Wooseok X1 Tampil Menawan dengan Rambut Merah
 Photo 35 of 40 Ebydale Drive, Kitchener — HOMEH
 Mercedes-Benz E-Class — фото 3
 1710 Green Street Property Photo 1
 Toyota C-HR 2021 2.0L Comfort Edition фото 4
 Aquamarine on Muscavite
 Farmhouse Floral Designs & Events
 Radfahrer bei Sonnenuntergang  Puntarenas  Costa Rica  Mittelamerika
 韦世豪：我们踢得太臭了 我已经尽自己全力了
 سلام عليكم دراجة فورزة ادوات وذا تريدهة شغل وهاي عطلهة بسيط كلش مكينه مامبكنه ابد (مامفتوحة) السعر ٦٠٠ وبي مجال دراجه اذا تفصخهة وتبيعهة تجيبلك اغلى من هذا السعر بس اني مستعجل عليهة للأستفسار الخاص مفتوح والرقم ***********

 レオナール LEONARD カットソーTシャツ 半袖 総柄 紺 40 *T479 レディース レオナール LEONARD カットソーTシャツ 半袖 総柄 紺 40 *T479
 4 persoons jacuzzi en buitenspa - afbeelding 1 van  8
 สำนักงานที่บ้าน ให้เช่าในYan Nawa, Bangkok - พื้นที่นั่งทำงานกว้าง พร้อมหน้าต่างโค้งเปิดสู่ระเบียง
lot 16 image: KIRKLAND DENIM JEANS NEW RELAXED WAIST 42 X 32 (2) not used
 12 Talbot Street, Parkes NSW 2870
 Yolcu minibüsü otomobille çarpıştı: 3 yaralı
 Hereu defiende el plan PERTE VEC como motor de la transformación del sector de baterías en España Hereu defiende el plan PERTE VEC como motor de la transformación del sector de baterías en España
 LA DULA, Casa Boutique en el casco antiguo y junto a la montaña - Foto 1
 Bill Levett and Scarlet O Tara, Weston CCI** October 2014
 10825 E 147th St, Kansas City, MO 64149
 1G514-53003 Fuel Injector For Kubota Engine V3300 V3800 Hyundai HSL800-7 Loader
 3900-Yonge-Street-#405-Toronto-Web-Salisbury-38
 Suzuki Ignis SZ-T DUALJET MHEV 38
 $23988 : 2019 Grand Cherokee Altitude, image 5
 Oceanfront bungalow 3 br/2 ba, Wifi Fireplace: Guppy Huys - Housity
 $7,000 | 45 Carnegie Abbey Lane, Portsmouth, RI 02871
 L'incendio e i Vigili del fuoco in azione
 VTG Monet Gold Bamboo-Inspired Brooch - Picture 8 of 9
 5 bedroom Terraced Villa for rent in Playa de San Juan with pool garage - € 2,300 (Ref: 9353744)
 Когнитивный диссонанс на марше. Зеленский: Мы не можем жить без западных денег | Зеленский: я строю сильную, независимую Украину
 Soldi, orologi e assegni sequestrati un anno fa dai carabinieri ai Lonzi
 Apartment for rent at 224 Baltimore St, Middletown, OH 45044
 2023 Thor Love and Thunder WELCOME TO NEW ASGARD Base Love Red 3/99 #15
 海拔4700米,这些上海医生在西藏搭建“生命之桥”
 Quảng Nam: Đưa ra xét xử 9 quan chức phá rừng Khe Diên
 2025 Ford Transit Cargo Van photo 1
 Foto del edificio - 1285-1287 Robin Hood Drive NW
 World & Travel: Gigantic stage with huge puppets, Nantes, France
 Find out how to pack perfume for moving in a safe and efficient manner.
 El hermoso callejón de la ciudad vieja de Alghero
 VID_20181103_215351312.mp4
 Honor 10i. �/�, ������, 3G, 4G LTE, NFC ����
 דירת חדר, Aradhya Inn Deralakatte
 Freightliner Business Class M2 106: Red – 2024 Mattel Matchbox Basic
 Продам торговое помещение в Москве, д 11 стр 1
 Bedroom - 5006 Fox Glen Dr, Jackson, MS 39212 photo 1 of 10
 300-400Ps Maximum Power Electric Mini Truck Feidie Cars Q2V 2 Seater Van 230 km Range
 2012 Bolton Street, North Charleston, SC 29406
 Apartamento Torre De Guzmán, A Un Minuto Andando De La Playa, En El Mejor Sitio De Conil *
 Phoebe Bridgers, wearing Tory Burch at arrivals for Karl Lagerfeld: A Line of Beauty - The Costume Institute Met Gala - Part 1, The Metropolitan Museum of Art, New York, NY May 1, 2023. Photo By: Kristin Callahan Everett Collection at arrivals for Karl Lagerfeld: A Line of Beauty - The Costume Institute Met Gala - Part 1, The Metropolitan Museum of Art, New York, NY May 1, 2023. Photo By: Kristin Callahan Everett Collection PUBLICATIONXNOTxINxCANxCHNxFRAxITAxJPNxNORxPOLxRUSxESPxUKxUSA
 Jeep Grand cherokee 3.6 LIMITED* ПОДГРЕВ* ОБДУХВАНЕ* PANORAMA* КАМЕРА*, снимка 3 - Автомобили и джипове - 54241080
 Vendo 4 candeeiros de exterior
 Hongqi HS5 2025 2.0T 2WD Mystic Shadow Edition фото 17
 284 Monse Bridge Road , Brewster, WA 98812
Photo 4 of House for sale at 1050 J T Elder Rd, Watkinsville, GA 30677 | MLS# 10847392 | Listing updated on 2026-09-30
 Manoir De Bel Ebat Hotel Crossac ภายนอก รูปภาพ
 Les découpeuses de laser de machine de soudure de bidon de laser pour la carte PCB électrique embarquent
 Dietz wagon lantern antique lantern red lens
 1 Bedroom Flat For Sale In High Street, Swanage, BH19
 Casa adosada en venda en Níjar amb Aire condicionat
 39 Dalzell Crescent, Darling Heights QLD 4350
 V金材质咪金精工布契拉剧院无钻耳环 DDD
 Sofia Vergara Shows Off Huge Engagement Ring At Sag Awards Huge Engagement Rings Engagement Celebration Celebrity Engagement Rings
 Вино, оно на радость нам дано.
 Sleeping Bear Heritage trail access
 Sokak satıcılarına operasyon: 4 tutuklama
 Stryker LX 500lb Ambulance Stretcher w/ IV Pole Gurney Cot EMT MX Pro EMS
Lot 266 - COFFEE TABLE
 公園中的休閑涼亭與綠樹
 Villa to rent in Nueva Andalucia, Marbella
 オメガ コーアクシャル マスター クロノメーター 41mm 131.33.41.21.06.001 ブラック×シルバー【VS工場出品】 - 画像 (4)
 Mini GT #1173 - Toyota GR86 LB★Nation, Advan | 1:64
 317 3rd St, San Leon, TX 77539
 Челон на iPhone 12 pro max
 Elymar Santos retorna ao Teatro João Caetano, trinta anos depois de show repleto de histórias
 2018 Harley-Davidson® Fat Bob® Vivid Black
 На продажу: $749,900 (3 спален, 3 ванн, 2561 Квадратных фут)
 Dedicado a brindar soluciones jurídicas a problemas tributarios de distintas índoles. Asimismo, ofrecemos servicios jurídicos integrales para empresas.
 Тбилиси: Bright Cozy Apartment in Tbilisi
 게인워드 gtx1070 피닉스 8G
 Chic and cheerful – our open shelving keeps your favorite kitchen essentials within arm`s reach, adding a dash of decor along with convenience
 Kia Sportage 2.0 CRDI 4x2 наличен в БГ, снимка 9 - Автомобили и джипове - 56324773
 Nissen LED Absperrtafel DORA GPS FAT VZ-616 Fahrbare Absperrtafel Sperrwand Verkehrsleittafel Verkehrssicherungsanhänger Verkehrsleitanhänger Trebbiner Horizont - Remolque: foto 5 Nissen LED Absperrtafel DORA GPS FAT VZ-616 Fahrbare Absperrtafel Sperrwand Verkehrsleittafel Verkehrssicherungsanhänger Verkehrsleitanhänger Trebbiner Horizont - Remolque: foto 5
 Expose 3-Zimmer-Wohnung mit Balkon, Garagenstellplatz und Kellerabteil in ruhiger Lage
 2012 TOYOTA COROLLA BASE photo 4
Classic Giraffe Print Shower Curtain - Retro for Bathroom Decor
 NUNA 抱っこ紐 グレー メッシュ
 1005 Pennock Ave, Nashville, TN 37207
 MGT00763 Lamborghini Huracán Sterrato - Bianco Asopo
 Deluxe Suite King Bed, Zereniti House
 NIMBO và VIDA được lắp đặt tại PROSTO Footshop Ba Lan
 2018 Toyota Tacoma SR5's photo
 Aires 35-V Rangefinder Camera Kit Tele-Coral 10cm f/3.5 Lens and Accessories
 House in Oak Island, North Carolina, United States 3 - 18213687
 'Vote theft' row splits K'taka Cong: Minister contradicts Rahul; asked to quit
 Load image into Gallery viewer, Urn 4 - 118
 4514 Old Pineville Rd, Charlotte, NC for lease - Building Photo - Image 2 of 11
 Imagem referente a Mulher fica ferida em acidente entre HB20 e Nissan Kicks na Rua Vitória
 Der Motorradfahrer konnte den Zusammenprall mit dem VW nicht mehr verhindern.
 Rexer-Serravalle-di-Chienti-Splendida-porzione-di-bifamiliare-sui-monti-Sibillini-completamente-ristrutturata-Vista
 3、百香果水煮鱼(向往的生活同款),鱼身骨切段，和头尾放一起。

· · ·

*Assigned task:* If a line in the listing includes the word "Casa", it counts; report the number of such lines and nothing else.

*Reply to the exercise:* 2